Clickhouse官方文档学习笔记
文章目录
- What is ClickHouse?
- Data Replication and Integrity
- Approximate calculation
- Superior query performance
- Quick Start
What is ClickHouse?
ClickHouse® is a high-performance, column-oriented SQL database management system (DBMS) for online analytical processing (OLAP)
关键词: high-performance, column-based, OLAP
Data Replication and Integrity
ClickHouse uses an asynchronous multi-master replication scheme to ensure that data is stored redundantly on multiple nodes. After being written to any available replica, all the remaining replicas retrieve their copy in the background. The system maintains identical data on different replicas. Recovery after most failures is performed automatically, or semi-automatically in complex cases.

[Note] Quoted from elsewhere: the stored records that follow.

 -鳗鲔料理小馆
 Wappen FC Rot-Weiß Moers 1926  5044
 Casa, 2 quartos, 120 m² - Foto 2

依然是sharding+replica的思路, 跟绝大多数cluster一样
Approximate calculation
ClickHouse provides ways to trade accuracy for performance. For example, some of its aggregate functions calculate the distinct value count, the median, and quantiles approximately. Also, queries can be run on a sample of the data to compute an approximate result quickly. Finally, aggregations can be run with a limited number of keys instead of for all keys. Depending on how skewed the distribution of the keys is, this can provide a reasonably accurate result that uses far fewer resources than an exact calculation.
近似/采样计算确实是个新鲜玩意
Superior query performance
ClickHouse is well known for having extremely fast query performance. To learn why ClickHouse is so fast, see the Why is ClickHouse fast? guide.
最大的卖点来了, 就是快。
Quick Start
略过
唯一值得注意的可能就是尽量使用呢bulk insert。数据可以先写到本地postgres或者s3然后一次性导入。
Done on 2025-06-22